8. The personal mobility vehicle of claim 1, configured and dimensioned to produce a minimum turning radius to wheel base ratio of from 1 to 1.3.

9. The personal mobility vehicle of claim 1, wherein an intermediate maximum outward turn angle of the wheel is different from a maximum outward turn angle of the wheel by approximately 10 degrees.

10. The personal mobility vehicle of claim 1, wherein motor drives a transaxle about which the drive wheels rotate.

11. The personal mobility vehicle of claim 1 wherein the steering assembly includes two front wheels each pivotable about a respective kingpin axis and rotatable about a wheel axis and wherein a trace produced by a point of intersection of each wheel axis as the front wheels pivot about their respective kingpin axes defines the trace area.

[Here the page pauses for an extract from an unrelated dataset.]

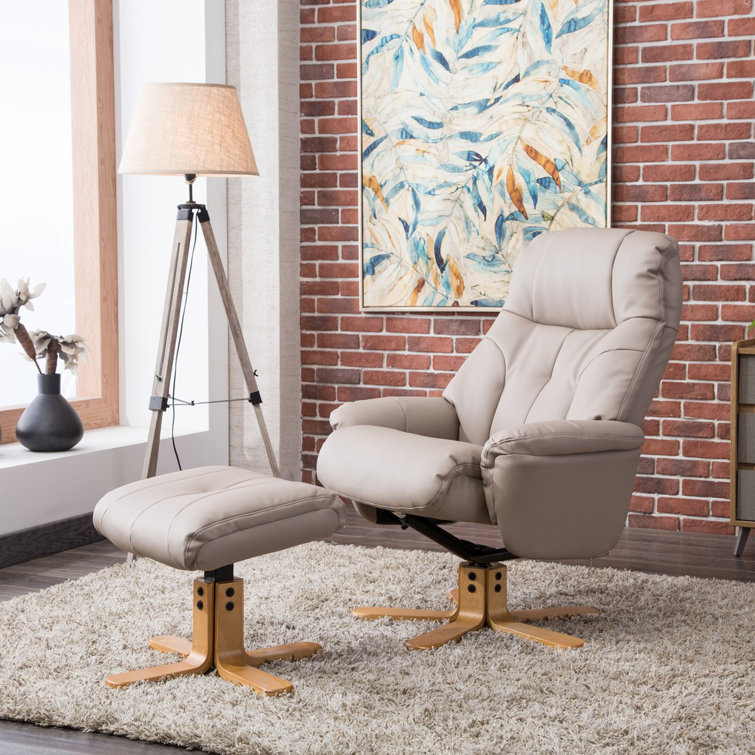 Marlow Home Co. Billings 80Cm Wide Faux Leather Manual Swivel Standard Recliner with Ottoman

12. The personal mobility vehicle of claim 11 wherein the trace intersects with a lowermost tangent perpendicular to the longitudinal axis at a point that is: i) at least 12 track widths from the longitudinal axis, ii) between 12 track widths and 28 track widths from the longitudinal axis; or iii) from about 30 feet to about 50 feet from the longitudinal axis.

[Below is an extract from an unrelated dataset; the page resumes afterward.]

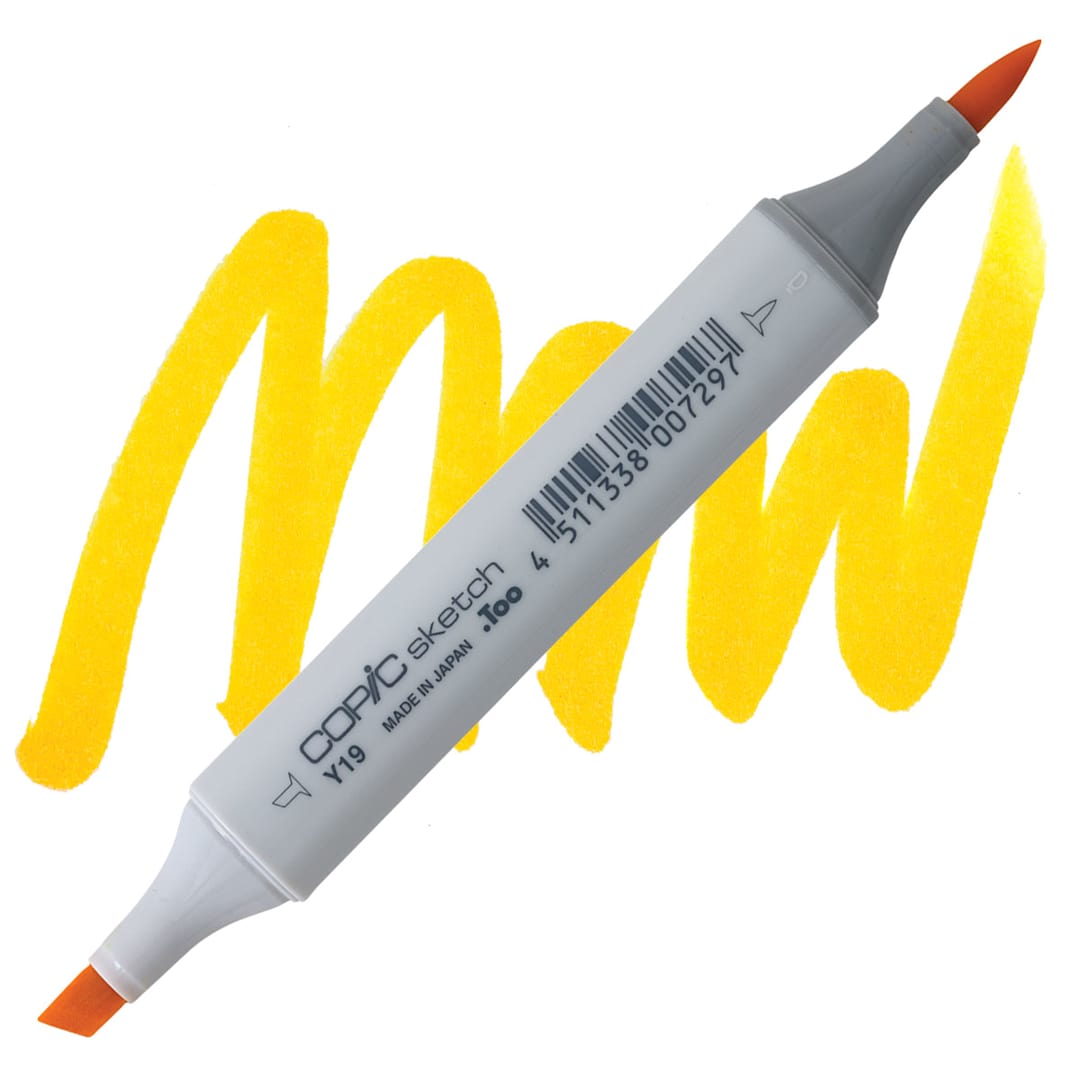 Open in modal - Copic Sketch Marker - Napoli Yellow Y19 marker and swatch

13. The personal mobility vehicle of claim 12 wherein the drive wheel rotates about a drive wheel axis and the trace includes a sensor-on location that is approximately 42 inches below the drive wheel axis.

14. A mobility scooter comprising: a frame; a drive wheel coupled to the frame and rotatable about a drive wheel axis; and a steering assembly, coupled to the frame, that includes: a steering stem having a stem axis, the steering stem rotatable about the stem axis in response to input from a steering input; a front inside wheel, a steering stop, and a tie rod, pivotably coupled to the steering stem at a first end and pivotably coupled to a steering arm at a second end, and configured to pivot in response to movement of the steering input and to engage the steering stop when the front inside wheel reaches a maximum outward turn angle to prevent said front inside wheel from being turned beyond the maximum outward turn angle, wherein the steering stop engages the tie rod a first distance from the first end of the tie rod and a second distance from the second end of the tie rod, and wherein a ratio of the first distance to second distance is at least 1.75: 1.

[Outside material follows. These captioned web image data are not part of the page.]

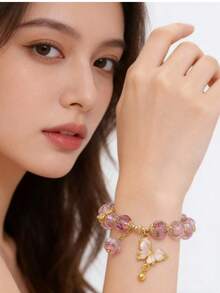 1pc Princess Style Elegant Rose Blue & Pink Alloy Enamel Bracelet With Butterfly Pendant, Suitable For Women's Daily Wear - Baby Blue - View 7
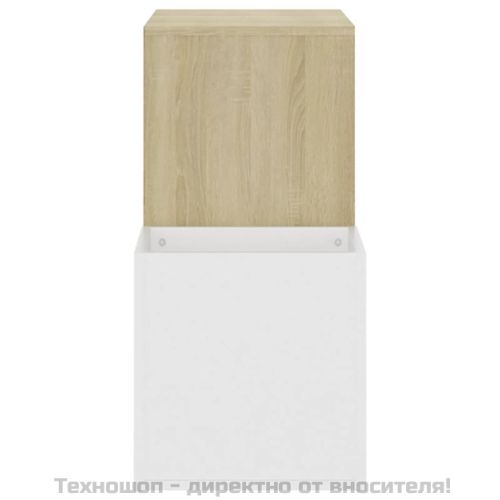 Шкаф за обувки бял и дъб сонома 105x35,5x70 см инженерно дърво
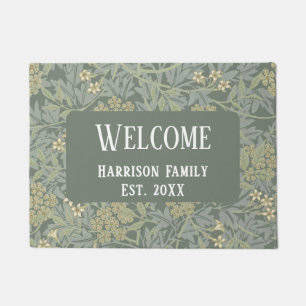 Sage Green Floral Family Name Established Welcome Doormat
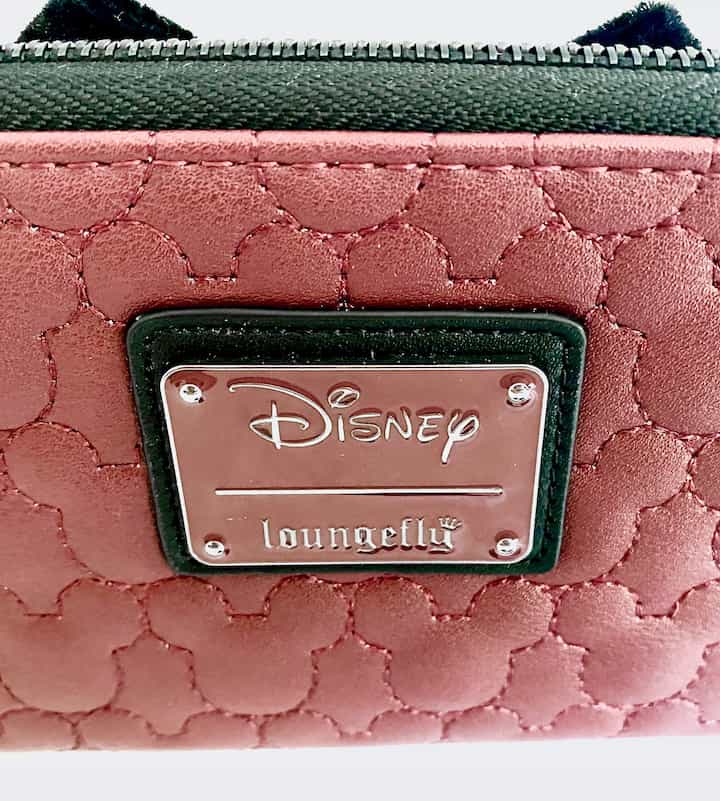 Loungefly Minnie Mouse Maroon Wallet Purse Quilted Burgundy Disney Enamel Logo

15. A mobility scooter comprising: a frame; a drive wheel coupled to the frame and rotatable about a drive wheel axis; and a steering assembly, coupled to the frame, that includes: a steering stem having a stem axis, the steering stem rotatable about the stem axis in response to input from a steering input; a front inside wheel pivotable relative to the frame about a kingpin, a steering stop, and a tie rod, pivotably coupled to the steering stem at a first end and pivotably coupled to a steering arm at a second end, and configured to pivot in response to movement of the steering input and to engage the steering stop when the front inside wheel reaches a maximum outward turn angle to prevent said front inside wheel from being turned beyond the maximum outward turn angle, wherein an axis of the tie rod and an axis extending from the second end of the tie rod through the kingpin forms an angle Y, and wherein the angle Y is less than 22 degrees.

16. A mobility scooter comprising: a frame; a drive wheel coupled to the frame and rotatable about a drive wheel axis; and a steering assembly, coupled to the frame, that includes: a steering stem having a stem axis, the steering stem rotatable about the stem axis in response to input from a steering input; a steering position sensor configured to detect a position of the steering stem when the steering stem is rotated a first angle about the stem axis; a controller configured to process a signal from the steering sensor; a front inside wheel pivotable relative to the frame about a kingpin; a steering stop, and a tie rod, pivotably coupled to the steering stem and configured to pivot in response to movement of the steering stem and to engage the steering stop when the steering stem is rotated a second angle about the stem axis to prevent said front inside wheel from being turned beyond a maximum outward turn angle, wherein the second angle is between 5-25 degrees greater than the first angle.